The counterfactual seat allocations necessary for separating the psychological and mechanical effects are constructed as follows. In cell B we apply the post-reform seat allocation method, MSL, to the pre-reform vote distribution. In cell C we instead apply the pre-reform seat allocation method, DH, to the post-reform vote distribution.

In cell D, which is split into two parts, we use the actual post-reform vote distribution and seat allocation method. The difference between the left-most part (which we refer to as D) and the right-most part (which we refer to as D 99) is that the former uses the actual council size to distribute seats, while the latter uses the pre-reform council size. A comparison of these two parts of cell D allows us to isolate the impact of the reduction in council size.

Before we explain how we separate the mechanical and psychological effects, we analyze the total effect of the reform by simply comparing actual pre- and post-reform seat allocation outcomes (A vs. D).

The mechanical effect of the reform is how the electoral outcome would have changed with the introduction of the new seat allocation method, if everything else had remained constant. Cell B captures such a ‘parallel world’. Thus by comparing counterfactual Outcome B to the actual pre-reform Outcome A, we can exactly measure the mechanical effect.

Since Outcome B does not take into account the strategic reactions of voters and parties, a comparison of A vs. B gives us only part of the picture. To fully understand the consequences of electoral reform we also need to quantify the psychological effects. We do this by keeping the seat allocation method constant while allowing everything else to change.
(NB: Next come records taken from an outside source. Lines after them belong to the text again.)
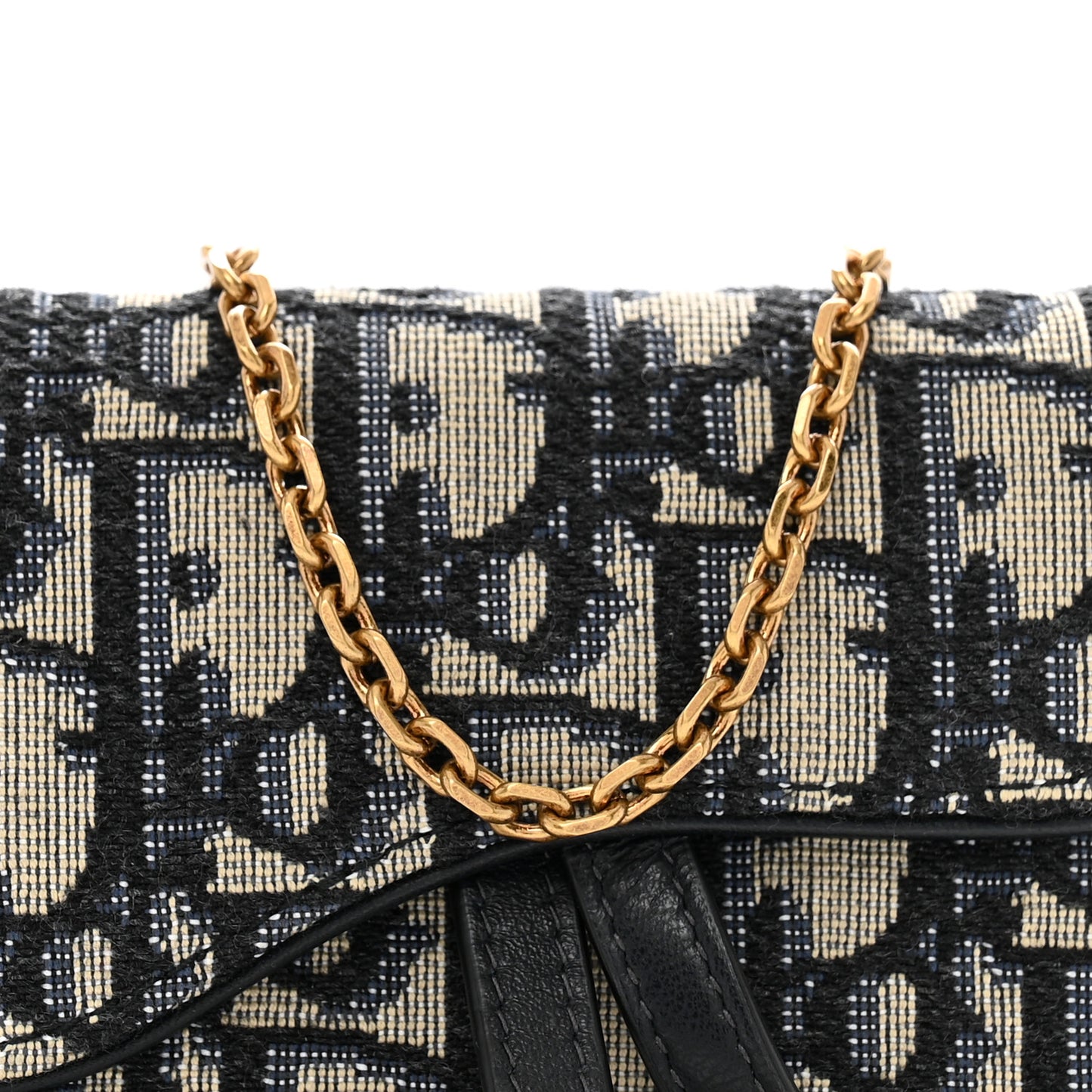 Oblique Nano Saddle Chain Pouch Blue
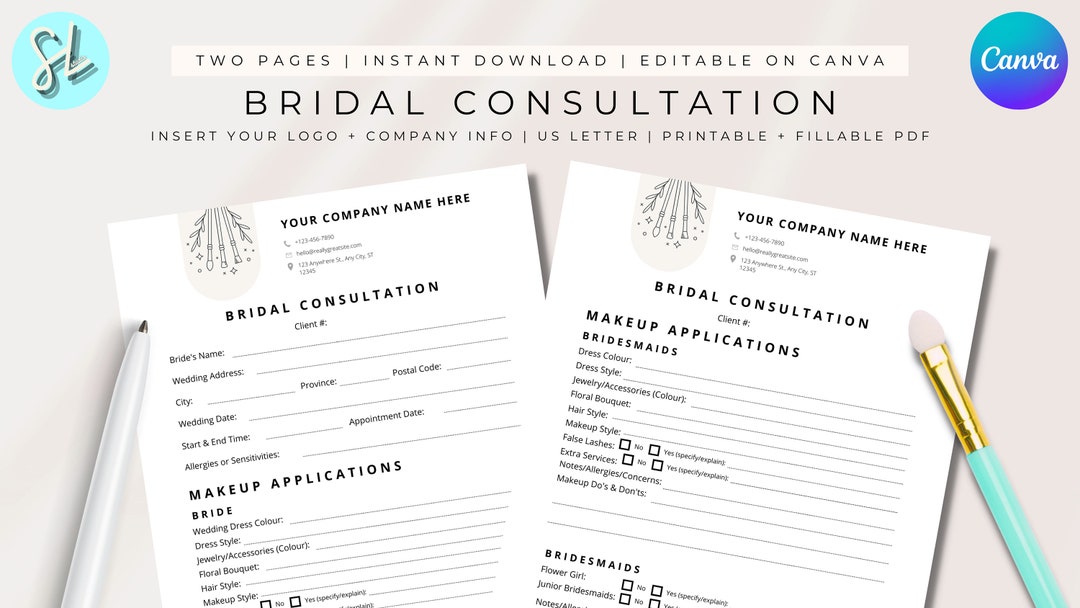 EDITABLE Bridal Consultation Template, Bridal Makeup Contract Template, Makeup Artist Template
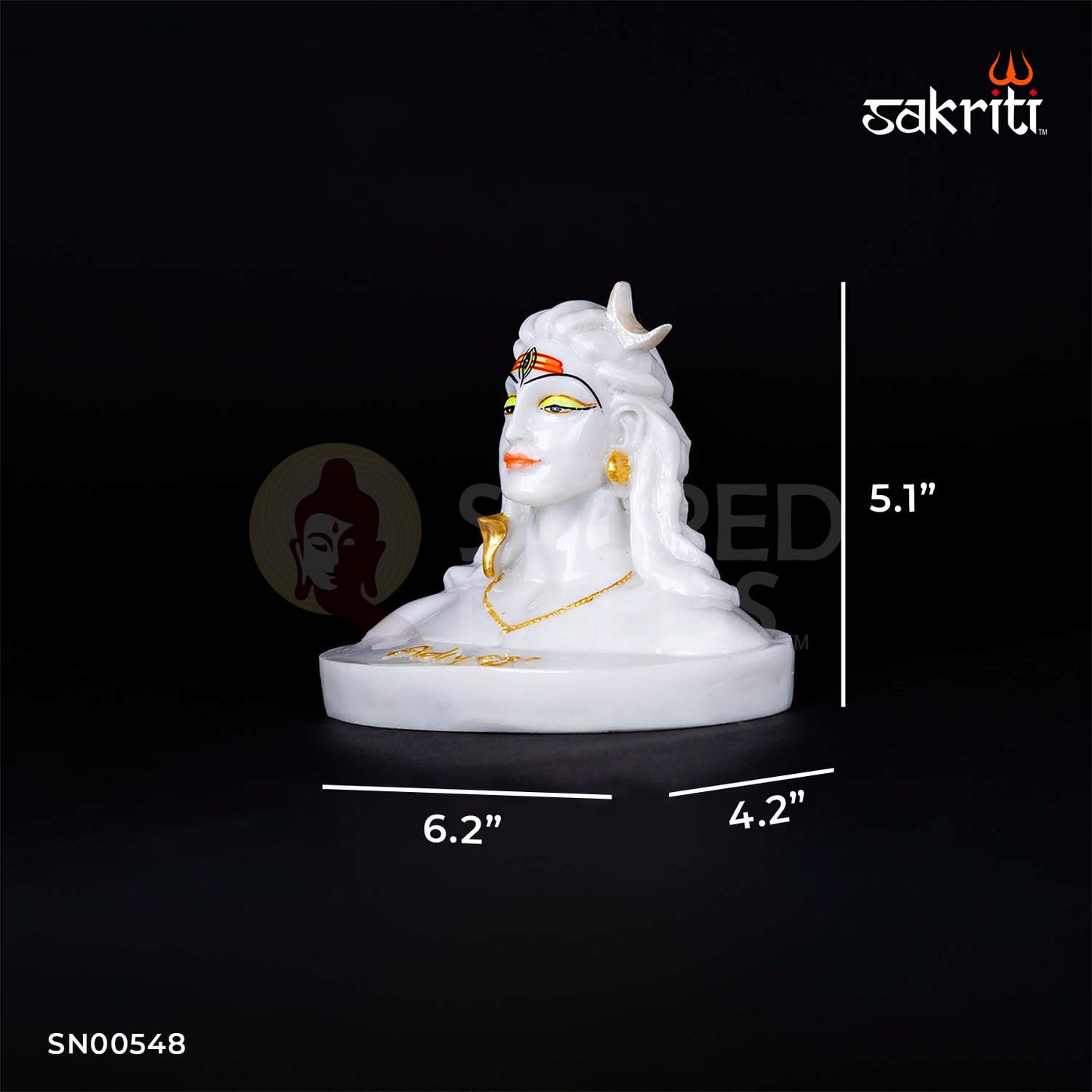 Adiyogi Idol in Marble Dust – 5.1 Inch Height | Powerful Shiva Yogic Form for Meditation & Spiritual Corner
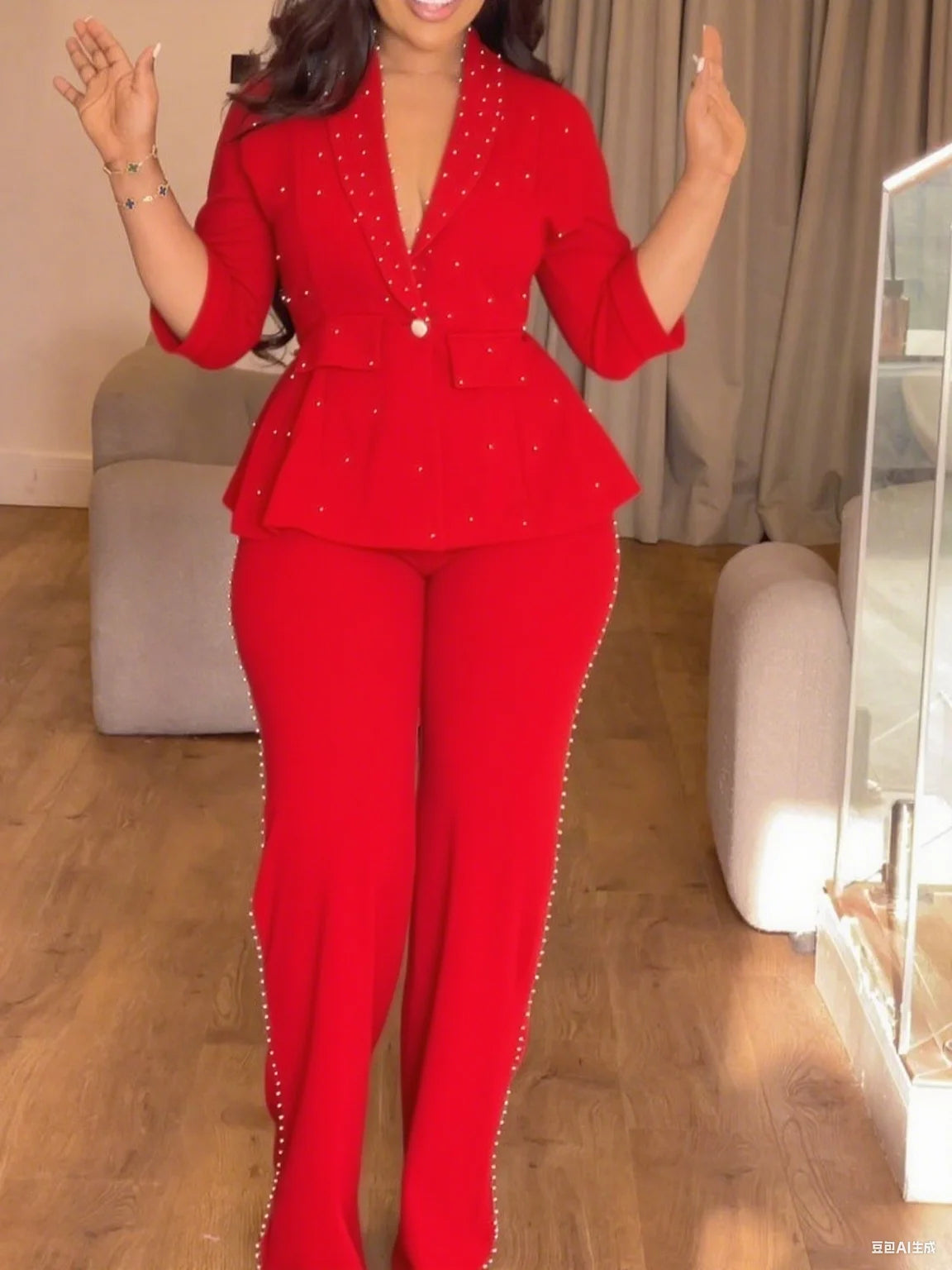 Elegant Women's Two-Piece Blazer and High-Waist Pants Se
In our framework, this is done by contrasting the counterfactual Outcome B, in which we apply the post-reform seat allocation method to the pre-reform voting outcome, with the actual post-reform seat allocation outcome D. Thus the total effect of reform (AD) is the sum of the mechanical effect (AB) and the psychological effect (BD).

The psychological effect can be partitioned into two subcomponents. First, we have the direct effect of political agents adjusting in response to the new system. For example, a substantial shift in votes toward smaller parties will increase the number of parties winning representation, even if we (counterfactually) use the pre-reform seat allocation method to allocate the seats. This part of the psychological effect is quantified by contrasting the actual pre-reform seat allocation (Outcome A) with the counterfactual seat allocation (Outcome C), in which we apply the pre-reform seat allocation method, DH, to the post-reform vote distribution.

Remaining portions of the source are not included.